VLDB2020
SuDocu: Summarizing Documents by Example
Anna Fariha, Matteo Brucato, Peter J. Haas, Alexandra Meliou
被引用 5 次
摘要
Text document summarization refers to the task of producing a brief representation of a document for easy human consumption. Existing text summarization techniques mostly focus on generic summarization, but users often require personalized summarization that targets their specific preferences and needs. However, precisely expressing preferences is challenging, and current methods are often ambiguous, outside the user's control, or require costly training data. We propose a novel and effective way to express summarization intent (preferences) via examples: the user provides a few example summaries for a small number of documents in a collection, and the system summarizes the rest. We demonstrate SuDocu, an example-based personalized Document Summarization system.
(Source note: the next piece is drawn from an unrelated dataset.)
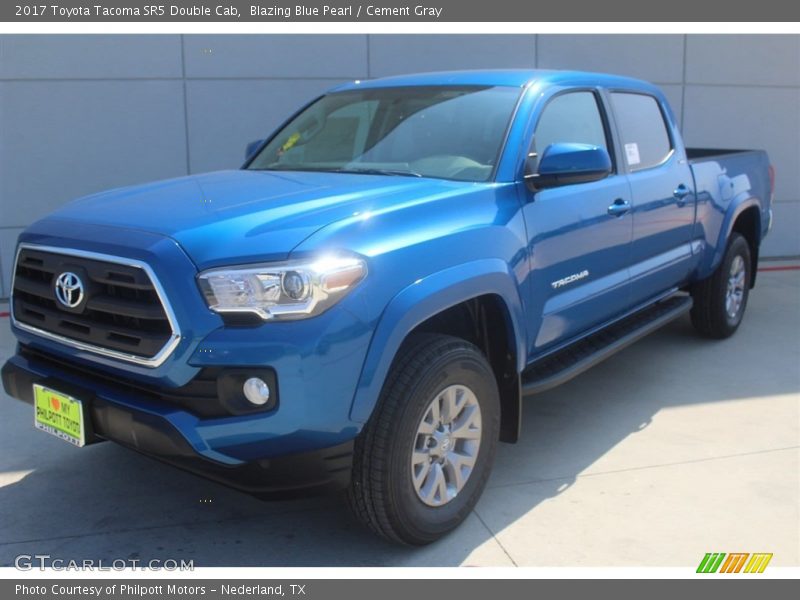 Blazing Blue Pearl / Cement Gray 2017 Toyota Tacoma SR5 Double Cab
Through a simple interface, SuDocu allows the users to provide example summaries, learns the summarization intent from the examples, and produces summaries for new documents that reflect the user's summarization intent. SuDocu further explains the captured summarization intent in the form of a package query, an extension of a traditional SQL query that handles complex constraints and preferences over answer sets. SuDocu combines topic modeling, semantic similarity discovery, and in-database optimization in a novel way to achieve example-driven document summarization. We demonstrate how SuDocu can detect complex summarization intents from a few example summaries and produce accurate summaries for new documents effectively and efficiently.